What you will do: Taking the line with "Växellåda - disegno" as the first and the last line of the listing as the final one, please copy exactly those lines and no others, without pictures.

Given data:
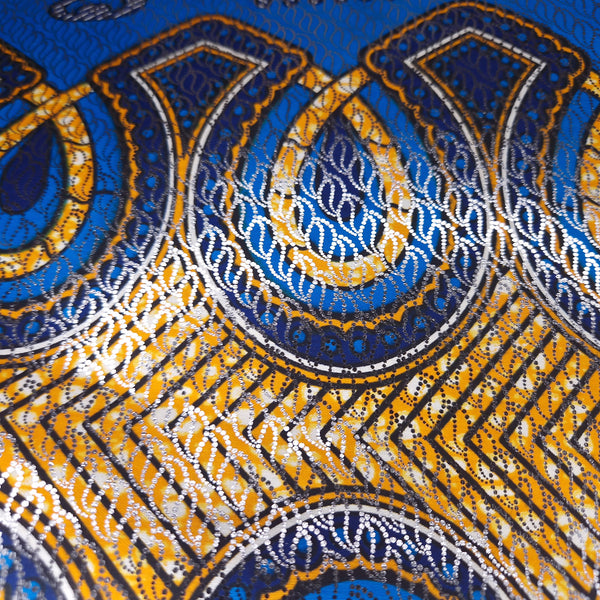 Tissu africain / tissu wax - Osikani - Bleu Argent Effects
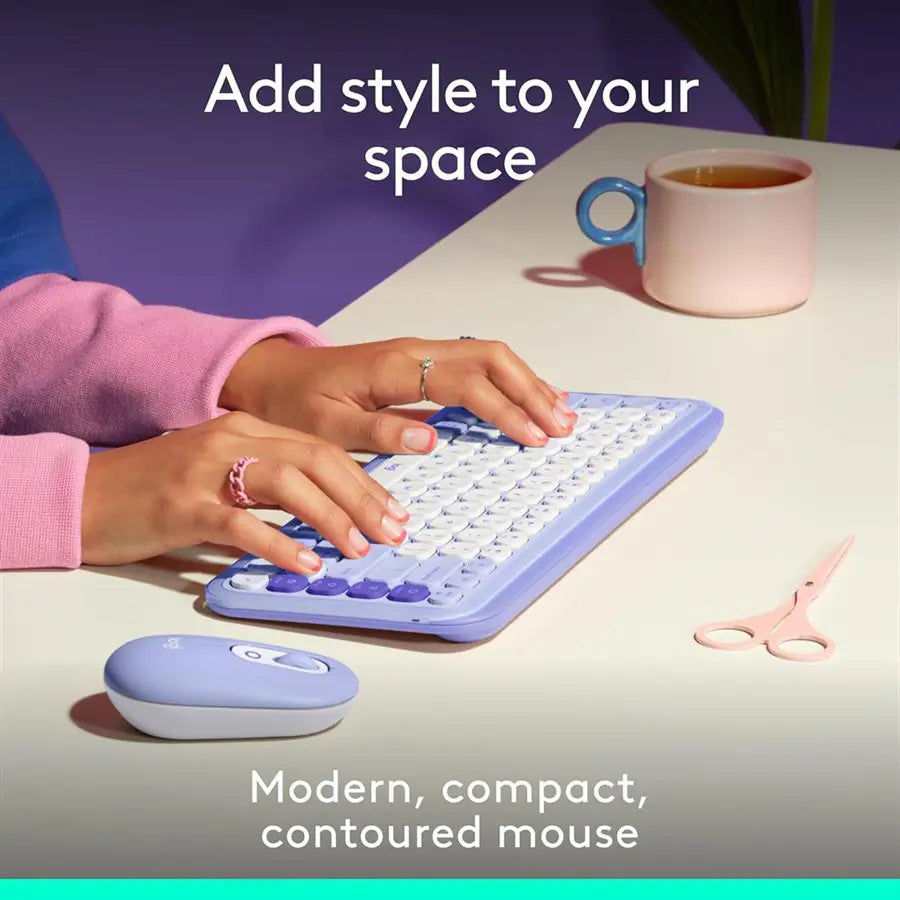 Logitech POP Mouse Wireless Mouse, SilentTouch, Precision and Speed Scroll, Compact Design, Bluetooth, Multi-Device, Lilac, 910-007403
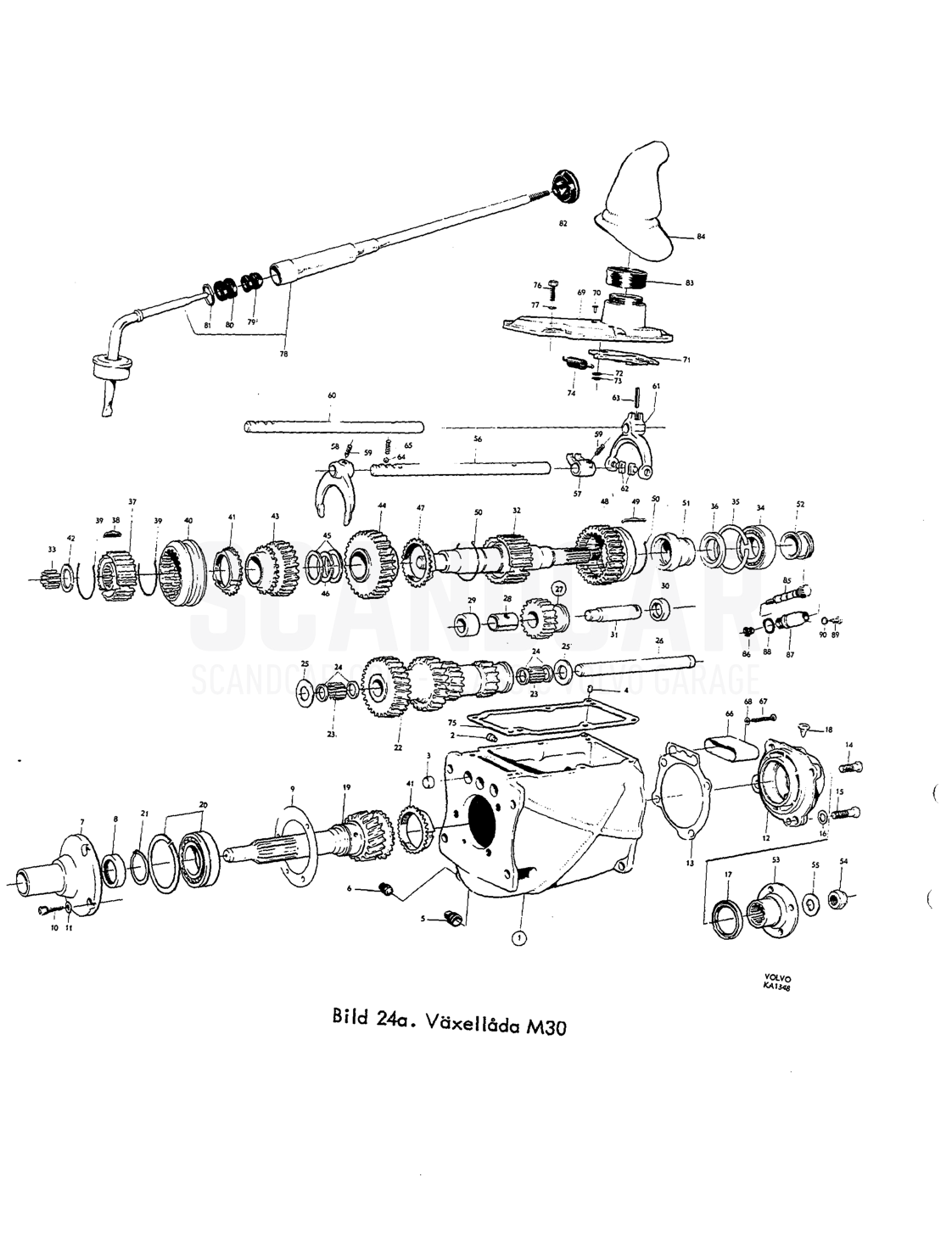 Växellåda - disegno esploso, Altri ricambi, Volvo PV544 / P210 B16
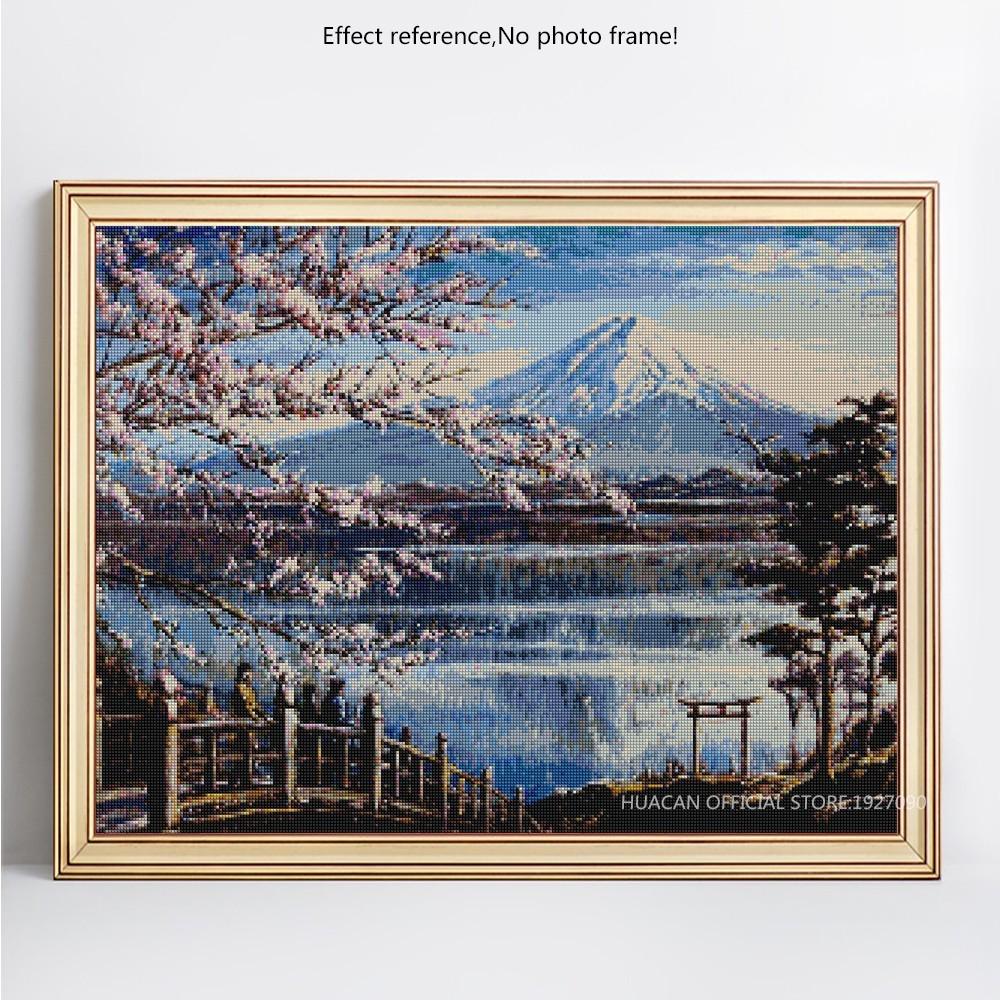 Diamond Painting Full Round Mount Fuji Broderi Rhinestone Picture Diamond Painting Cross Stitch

Result of the exercise:
 Växellåda - disegno esploso, Altri ricambi, Volvo PV544 / P210 B16
 Diamond Painting Full Round Mount Fuji Broderi Rhinestone Picture Diamond Painting Cross Stitch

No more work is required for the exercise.